NOOOOOOOOOOOOOOOOOOOOO

Won't find this in the OC


----------



## Builder Bob (Dec 23, 2010)

The multileveled trailer park depicted in the picture is actaully a set that was used for an outdoor theather production. I do not recall where or who was involved, just that the picture created alot of comments on other BB's.


----------



## Builder Bob (Dec 23, 2010)

The multileveled trailer park depicted in the picture is actually a set that was used for an outdoor theather production. I do not recall where or who was involved, just that the picture created alot of comments on other BB's.


----------



## FredK (Dec 27, 2010)

That pic was in France IIRC.  We did a background change and put catcus around and send it up stairs when they were thinking about another park.  Here we get the mobile/park model and then they want to add rooms around them.  Heck they are selling in the upscale parks in the 160K range.


----------



## Frank (Dec 28, 2010)

Alias said:
			
		

> Bob -Manager was going to run extension cords across the park to power trailer.
> 
> I'm done, they don't pay me enough to deal with stupid (manager).
> 
> Sue, the high desert denizen


I have worked those fires--

In one they had 3 single wide HUD homes fed off of a temporary power pole fed with daisy chained with 12-2 romex on the ground strung from one to the next, using the white and black for the two hot legs and the bare for neutral and ground.  It "might" have been overloaded as there was an 18 inch wide track of mud through the snow along the cable.

In the other they had the permit on the tree and had placed the home and moved in prior to hooking up water, sewer, power, phone, placing the steps or stoning the driveway.  Had a pallet leaded up by the door for steps and a kerosene heater for heat.  After coming home from a party they went to bed and the smoke detector went off due to a malfunctioning heater and they took the battery out of it because it was keeping them up.  5 hours later the BF woke up and saw that there was soot all over and tried to carry out the malfunctioning heater without turning it off spreading flaming kerosene across the living room.  He exited and they argued throughthe open escape window untill she quit arguing.  Then he went next door to call the fire department.  I buried the engine to the running boards about 100 yards short.  Crew entered the open escape window using a 5 gallon bucket for a step and removed the woman from the trailer within 5-6 minutes of initial 911 call.  We then put the fire out and left the trailer with the roof still on it with fire damage confined to 2 rooms, excluding the bedroom.  She earned her Darwin.


----------



## mmmarvel (Dec 28, 2010)

Frank said:
			
		

> He exited and they argued throughthe open escape window untill she quit arguing.    Crew entered the open escape window using a 5 gallon bucket for a step and removed the woman from the trailer within 5-6 minutes of initial 911 call.  She earned her Darwin.

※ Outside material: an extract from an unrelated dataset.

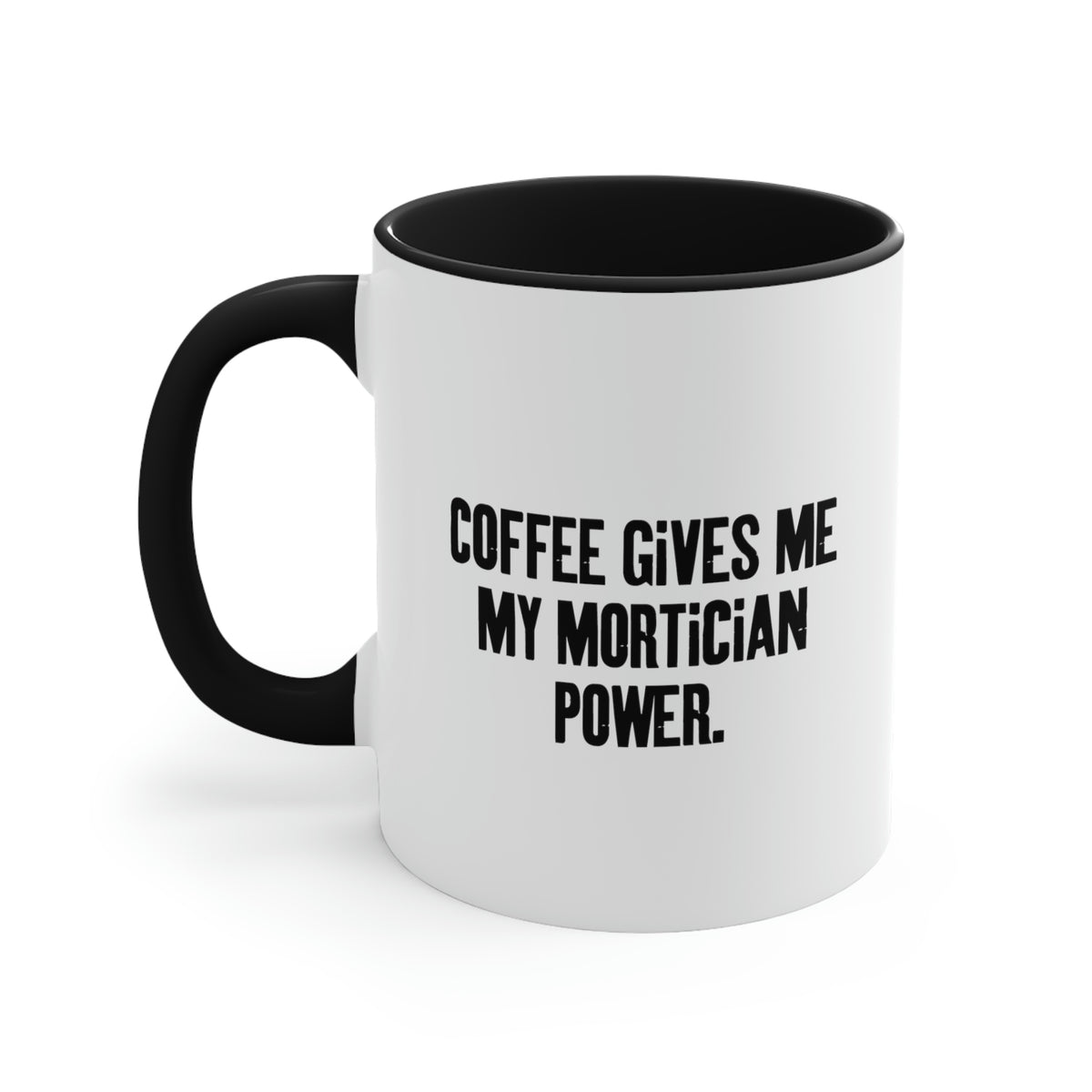 Best Mortician Two Tone 11oz Mug, Coffee Gives Me My Mortician Power, Funny Gifts for Colleagues, Birthday Gifts, Birthday presents, Gift ideas for birthday, Unique birthday gifts, Personalized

Oh tooooo funny, just plain too funny - 'till she quit arguing' - rofl.


----------



## Jobsaver (Dec 28, 2010)

People pull many of the same stunts trying to move into new conventional homes before permanent power is established, though, conventional homebuilding is better regulated (follow the money).

Mobile home parks in our ahj are subject to courtesy electrical inspections every time a new account is established with any of the three service providers in the area.

Though redundant, it gets us in the parks frequently to help moniter out-of-control violations from developing.


----------



## globe trekker (Dec 29, 2010)

Frank stated:



> She earned her Darwin.


That is just plain funny!   .


----------



## mark handler (Jan 16, 2011)

Trailer parks slip through regulation gap

The Bakersfield Californian | Saturday, Jan 15 2011 10:00 PM

The next time you feel smothered by state regulations, head on over to central Bakersfield and get a load of the trailer parks strung along South Union Avenue like rotten teeth.

Trash everywhere, busted out windows, holes in floors, holes in ceilings, exposed wiring, no heat, no gas, leaking bathrooms, leaking roofs, bowed in walls and on and on.

And people live here. Yes, children too. Rents can be as high as $500 a month, not including utilities.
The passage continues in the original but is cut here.